Supplied data:
*****
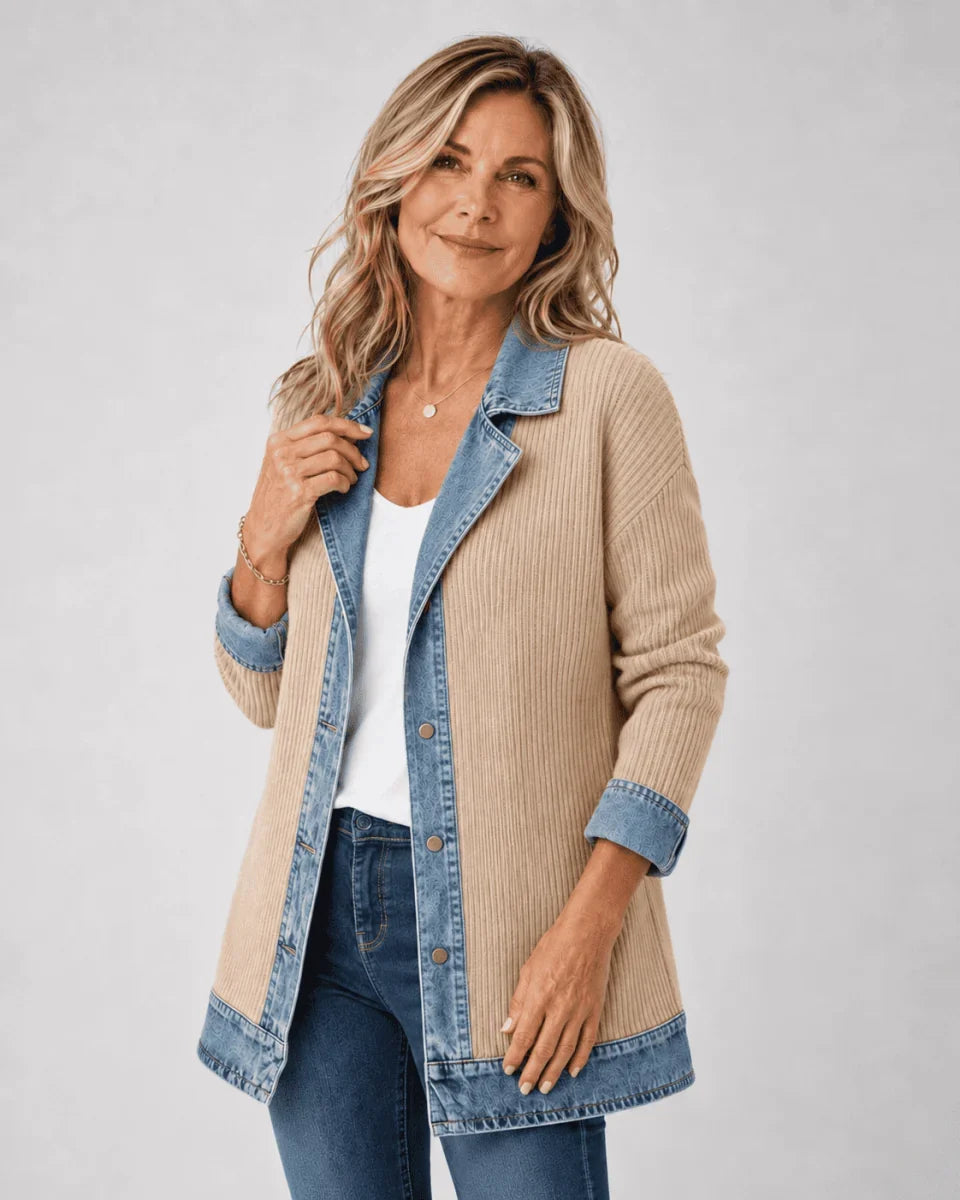 Women's Denim-Trim Longline Jacket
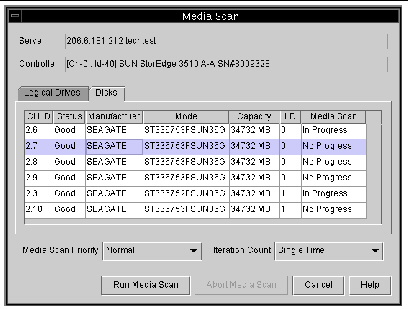 Screen capture showing the Media Scan window with the Disks tab selected.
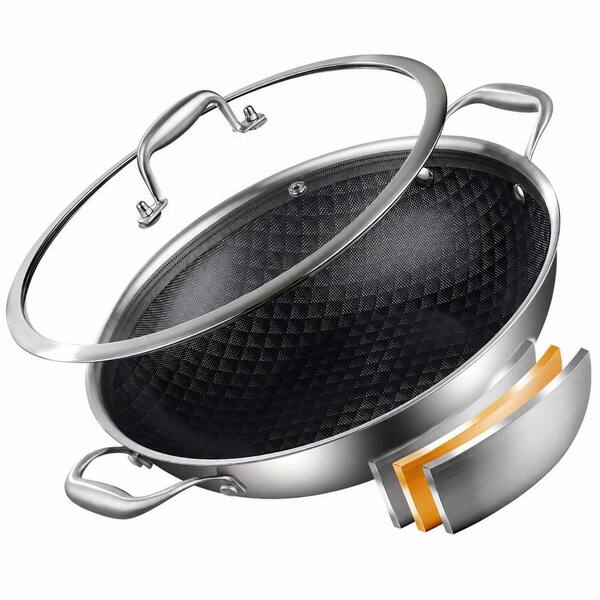 12 Inch Tri-Ply Stainless Steel Nonstick Wok Pan with Lid, Oven Safe Up to 600F, 5 Qt Deep Frying Pan for Induction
*****
Instructions to follow: Restate the whole listing above exactly, except for its images.

Worked solution:
 Women's Denim-Trim Longline Jacket
 Screen capture showing the Media Scan window with the Disks tab selected.
 12 Inch Tri-Ply Stainless Steel Nonstick Wok Pan with Lid, Oven Safe Up to 600F, 5 Qt Deep Frying Pan for Induction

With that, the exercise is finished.